4. Wedding, i.e., the ceremonializing of a couple’s loving, just, and symmetrical relationship in the company of families, friends, and Christian community. At their wedding, the members of a couple “renew their consent de praesenti and celebrate their union for what it has inchoately become, namely, a symbol or sacrament of the loving union between God and God’s people, between Christ and Christ’s Church. Their wedding can then be considered the consummation of their marriage, the consummation of a relationship that they have sought to make as human and as Christian as possible.”


Of course, the above process could readily apply to gay couples, and I have absolutely no doubt that one day the Church will ensure that it can and does.
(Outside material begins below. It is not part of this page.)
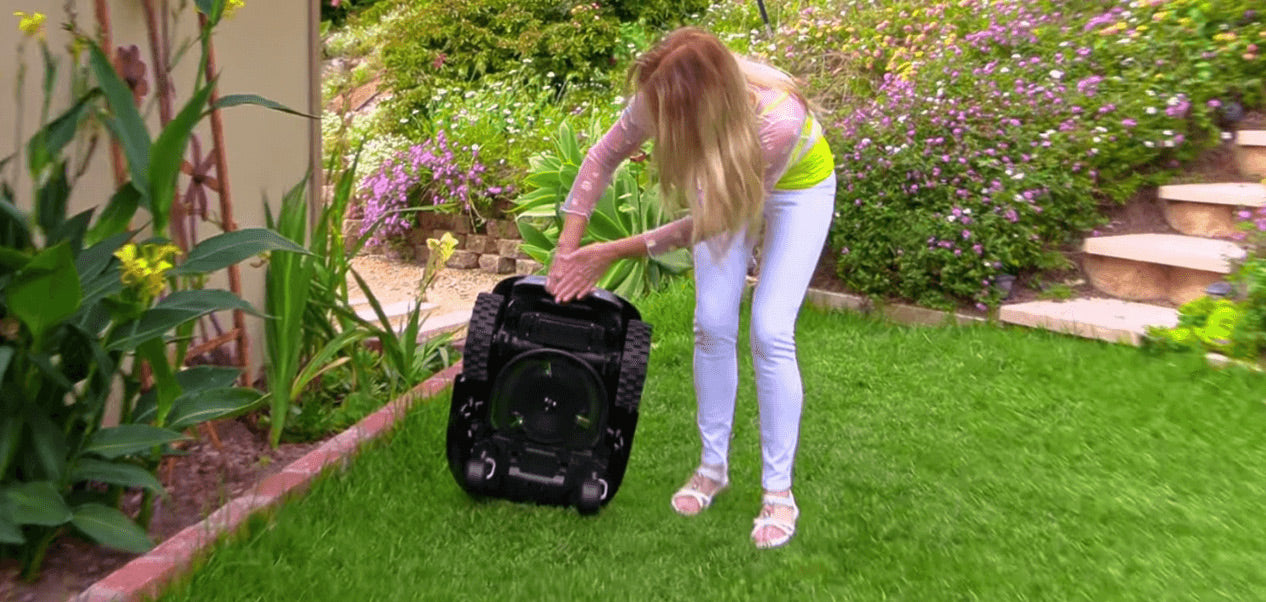 Explore the cutting-edge Sunseeker L22 robot lawn mower, showcased against a modern luxury home backdrop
Salzman and Lawler’s perspective on the Church’s current teaching on homosexuality and homosexual relationships is worth noting. In chapter seven of The Sexual Person: Toward a Renewed Catholic Anthropology, they write:

In light of contemporary human knowledge about homosexual orientation, we have examined in this chapter the threefold bases on which the Catholic Church rests its judgment that homosexual acts are intrinsically disordered and gravely immoral, namely, the teaching of scripture, the teaching of the Magisterium, and the moral sense of the Christian people. On all three bases . . . the Church’s teaching needs serious reevaluation.
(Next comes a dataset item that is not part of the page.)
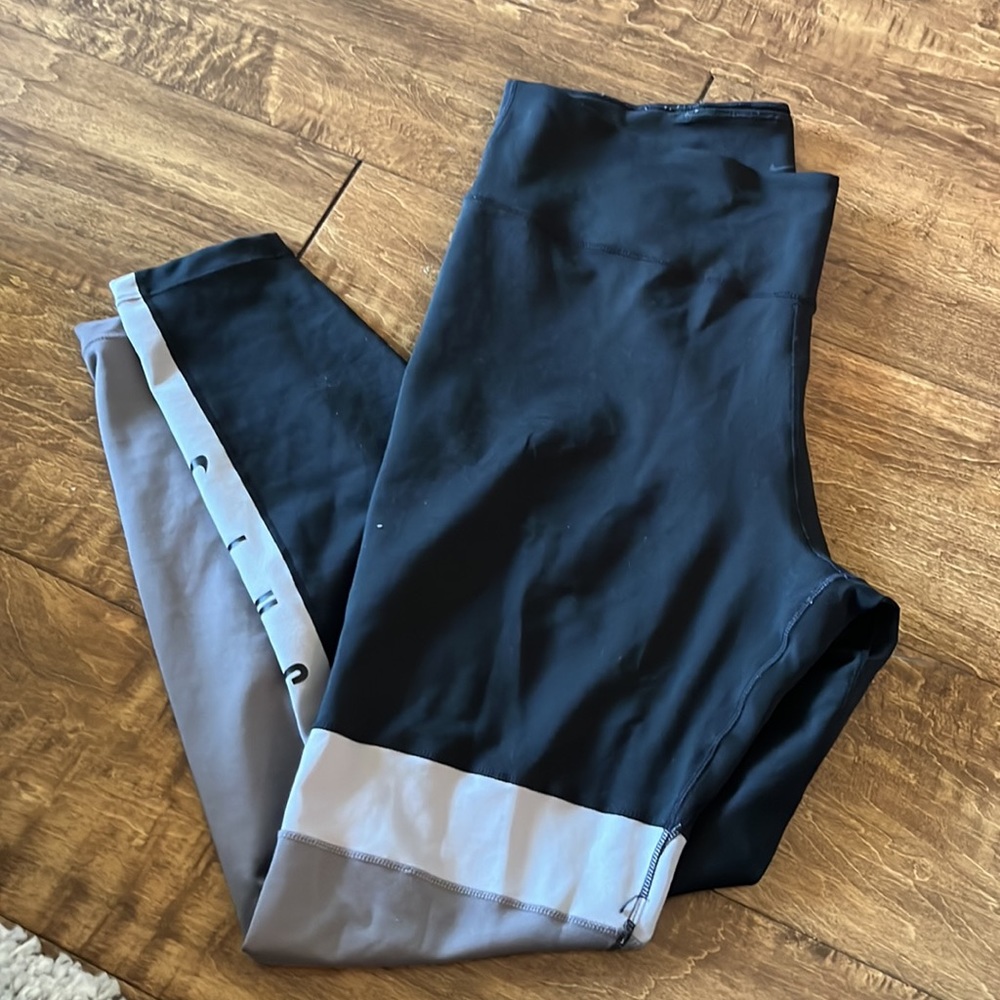 Okay condition womens Nike leggings. Some tiny holes along seams. Size large.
. . . Nothing we have argued in this chapter proves that homosexual acts are ipso facto morally right. We have argued only that the arguments advanced by the Church’s Magisterium to sustain the judgment that all homosexual acts are ipso facto morally wrong are unsound and need to be revisited. Our present judgment endorses [Catholic theologian Margaret] Farley’s judgment: “At this point, . . . it is difficult to see how on the basis of sheer rationality alone, and all of its disciplines [including theology], an absolute prohibition of same-sex relationships or activities can be maintained.” She goes on to point out that “we are still pressed to the task of discerning what must characterize same-sex relationships if they are to conduce to human flourishing.” Again we agree, though we also believe we have developed criteria in previous chapters for the judgment that some homosexual acts may be morally right. We content ourselves here by repeating the criteria with which we concluded a previous chapter. Some homosexual and some heterosexual acts, those that meet the requirements of complementary, just, and loving sexual relations, are truly human and moral; and some homosexual and some heterosexual acts, those that do not meet the requirements of complementary, just, and loving sexual relations, are immoral. This judgment, we believe, stands in spite of the rhetorical assertions of the [Roman] Catholic Magisterium, and it stands for the good of the whole Church.

Here’s something else that caught my attention: in chapter six, Salzman and Lawler note that “premarital cohabitation tends to be associated with a heightened risk of divorce, a fact on which there is a consensus from a large variety of different researchers, samples, methodologies, and measures.”

The authors observe that “this fact has become beloved of Catholic commentators on unmarried heterosexual cohabitation and its implications for subsequent marriage, which leaves both them and their pastoral responses at risk of being uninformed and outdated.” Why? Well, according to Salzman and Lawler, “more recent studies on more recent cohorts report more nuanced data about the relationship of cohabitation and marital instability.”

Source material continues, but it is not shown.